Member of the Kwara State House of Assembly
- Incumbent
- Assumed office 18 March 2023

Member of the Kwara State House of Assembly from Falokun-Oja , Ilorin East Local Government
- Incumbent
- Assumed office 18 March 2023
- Constituency: Omupo Constituency

Personal details
- Born: 3 February 1962 (age 64) Falokun-Oja, Ifelodun Local Government Kwara State Nigeria
- Party: All Progressive Congress
- Education: Usman Danfodiyo University
- Alma mater: Usman Danfodiyo University;
- Occupation: Politician; Legal Practitioner;

= Ganiyu Folabi Salahu =

Nigerian politician (born 1962)

Ganiyu Folabi Salahu is a Nigerian legal practitioner and politician. He represents Omupo constituency in the 9th and 10th Assembly of Kwara State House of Assembly.

== Early life ==
Ganiyu was born on 3 February 1962 in Falokun-Oja. He studied law at Usman Danfodio University for his bachelor's degree between 1991 and 1996 and he joined the Nigeria Bar in 1998.

== Career ==
Ganiyu is a certified and practising teacher.
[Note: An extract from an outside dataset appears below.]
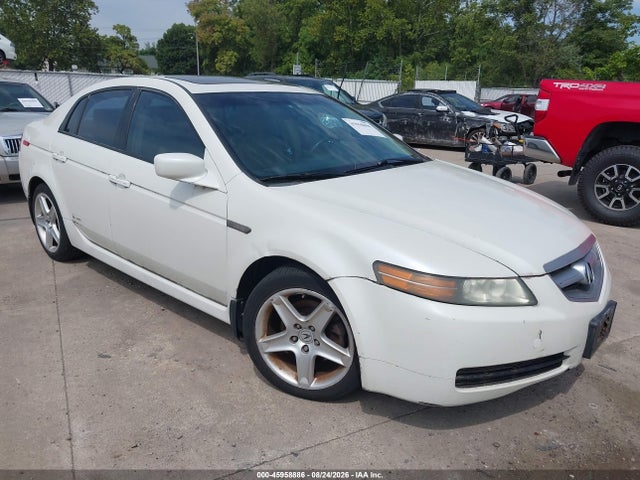 45958886 :رقم المزاد ، 19UUA66296A031357 vin ، 2006 Acura Tl مزاد بيع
He started teaching at Onitolo Community High School, Onitolo, Lagos, in 1986. He practiced for two years before he entered the bar in 1998. He started his legal practice in 1998. He won an election to represent Omupo constituency in 2019 general election and was reelected in 2023 under the platform of All Progressive Congress.